Got an email question about how to create point grids in GIS format with free software, and the off-the-top-of-my-head solution was fGIS. fGIS (Forestry GIS) is a decent freeware GIS developed by the Wisconsin Department of Natural Resources using the TatukGIS Developer Kernel. Up until late 2005, updated versions were being released regularly as freeware, but a change in the Kernel licensing conditions made that impossible for future versions. The last free version is still available, but is not guaranteed to be bug-free and will never be fixed or updated. Still, it has some useful utilities, including the “Generate Cruise Points” tool, available from the Utilities menu; this tool lets you create random and regularly-spaced point shapefiles for a defined area.

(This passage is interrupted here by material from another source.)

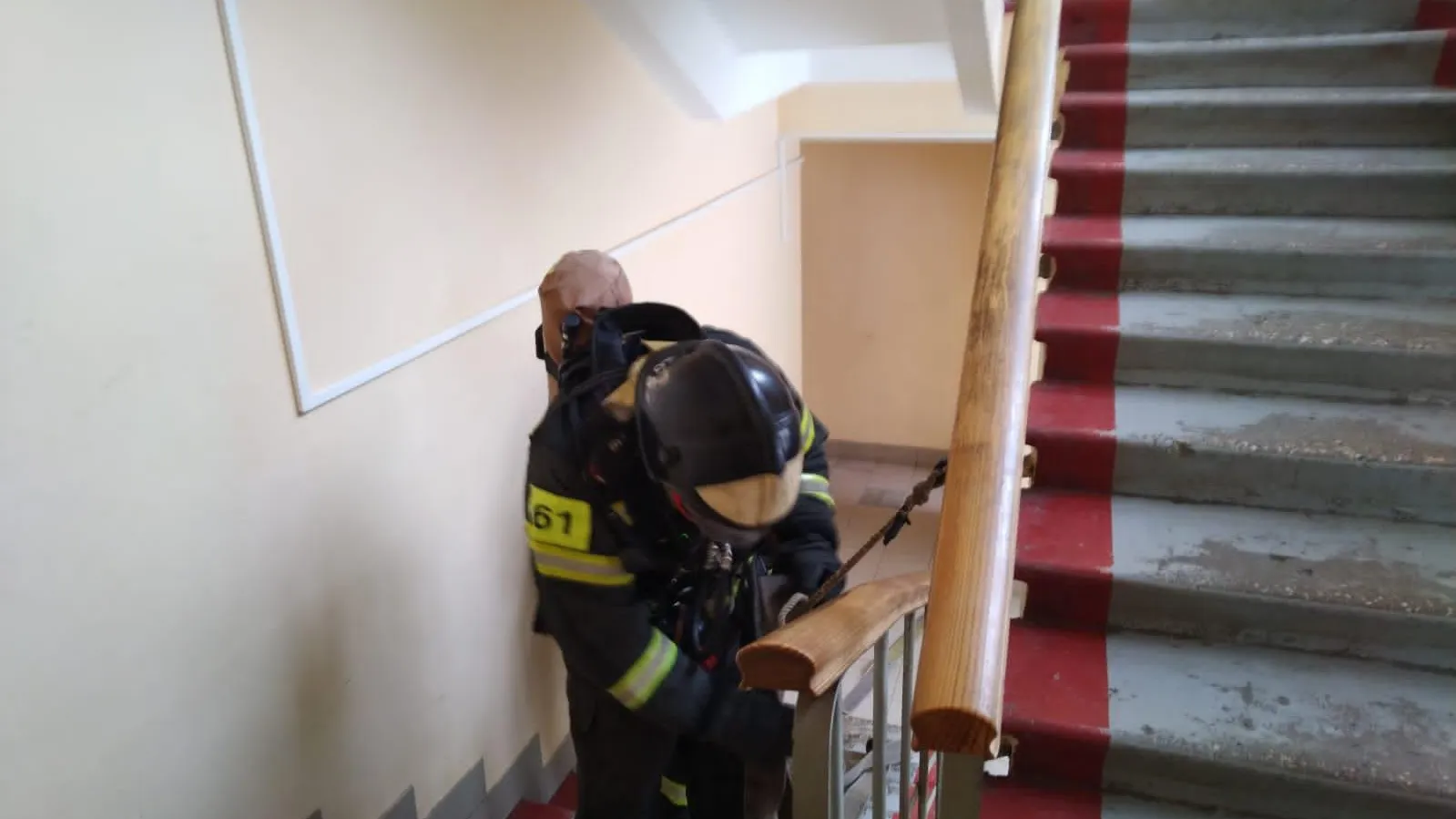 Фото: ГКУ МО «Мособлпожспас»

Start up fGIS, and you’ll be asked to define a project name right away. The coordinate system will be defined by the first layer you add, either raster or vector, and whatever data layers you add to the program must be in the same coordinate system. The program supports many different formats, vector and raster, including shapefile and GeoTiff. You’ll need to have the area you want gridded defined by a vector layer, either one you open or one you create using the program’s vector editing functions; e.g. you could open a raster GeoTiff, then draw a polygon defining the area you want gridded on top of the raster image. You also need to highlight the polygon area you want to have gridded using the “Pick” tool (the red arrow icon at the top):
Then select Utilities => Generate Cruise Points:
Here, new.shp is the polygon shapefile with the highlighted area to be gridded; specify the output grid point shapefile by clicking on the “Output Shapefile” button (entering the directory in the box at right has no effect). Then choose either a random grid and the number of random points, or a systematic grid with the desired spacing and units. Click OK, and the grid shapefile will be created and added to the map view; if the area is large, and the spacing is small, this may take a while. Here’s that grid shapefile plotted on top of the original raster (zoomed in very close):
With software like DNRGarmin, you could upload such a grid to your GPS as a set of sampling points.